Donc, côté vendeur, Didier Mommessin (72 ans) président de la société propriétaire du Clos de Tart représentant une vingtaine d’actionnaires. Ils détenaient chacun entre 3 et 5 % du capital avec pour revenu annuel un chèque de quelques milliers d’euros accompagné de deux à trois caisses de vins. C’était ridiculement peu quand on sait aujourd’hui la valeur de leurs parts. Face à eux, quatre acheteurs, un groupe champenois (Roederer), un investisseur chinois, un propriétaire bourguignon et un tycoon du luxe, Bernard Arnault et sa société d’investissement familial Artemis déjà propriétaire hors Bourgogne de Château Latour à Pauillac, Château Grillet en Côtes du Rhône et en Californie à Napa Valley, d’Araujo Estate Wines acheté en 2013 et rebaptisé aujourd’hui Eisele Vineyards. Pour François Pinault, ce prestigieux clos de 7,53 ha d’un seul tenant, classé Grand Cru à Morey-Saint-Denis était une occasion rare, un investissement idéal à la hauteur d’une œuvre d’art, tel un Picasso ou ce Salvator Mundi toile de Léonard de Vinci devenu en novembre 2017, pour 377 millions d’€, le tableau le plus cher du monde.
Ici, la rentabilité ne compte pas
Clos de Tart est un investissement qu’aucune vente de ses vins, même à 500 € la bouteille (comptez 310 € pour un Clos de Tart 2012) ne pourra rentabiliser.

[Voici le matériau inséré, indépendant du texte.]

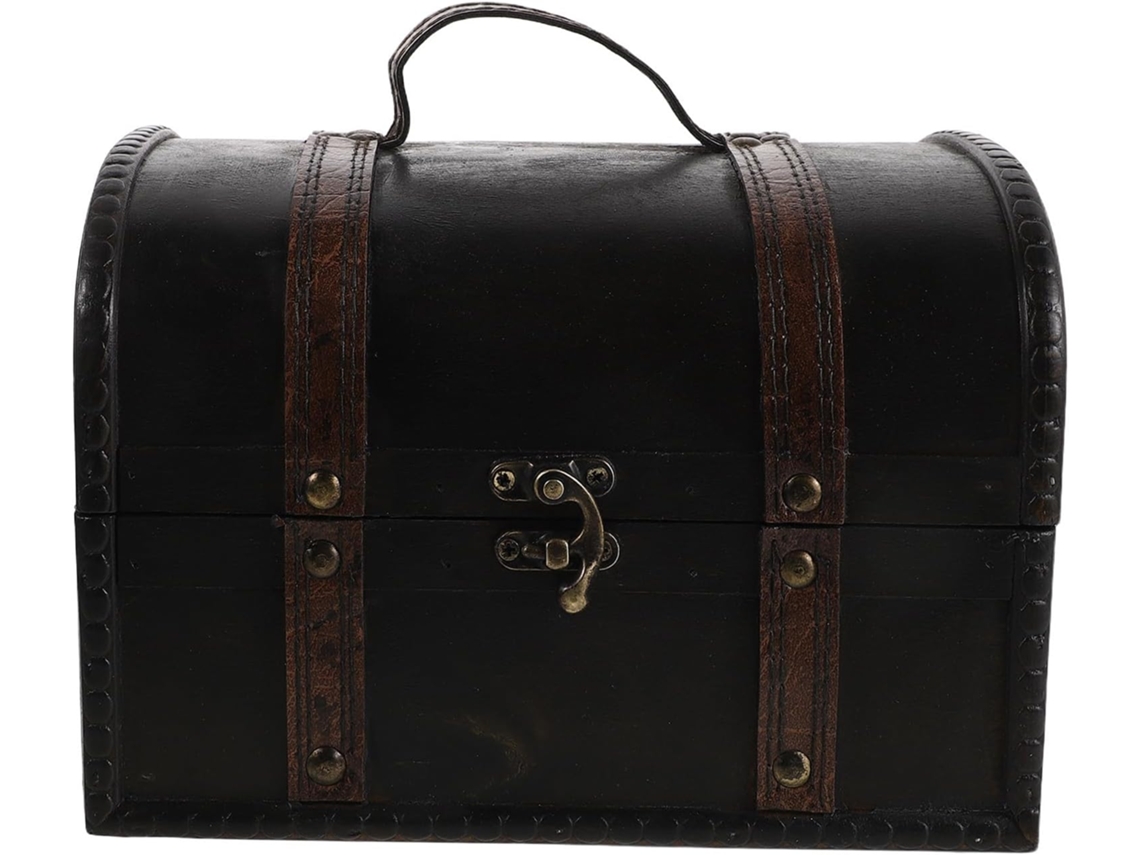 Caixa De Joias Vintage De Madeira Com Alça Para Mulheres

Ici, la rentabilité économique n’existe pas, François Pinault s’est offert un morceau, sans doute l’un des plus prestigieux, du patrimoine mondial viticole. Pour rappel, les grands crus ne représentent en Bourgogne que 1,3 % du vignoble. Ces vingt dernières années, précise Albéric Bichot, directeur général de la Maison Albert Bichot, personne n’a perdu en investissant en Bourgogne. Mais ce sont des investissements patrimoniaux qui ne cherchent pas une rentabilité.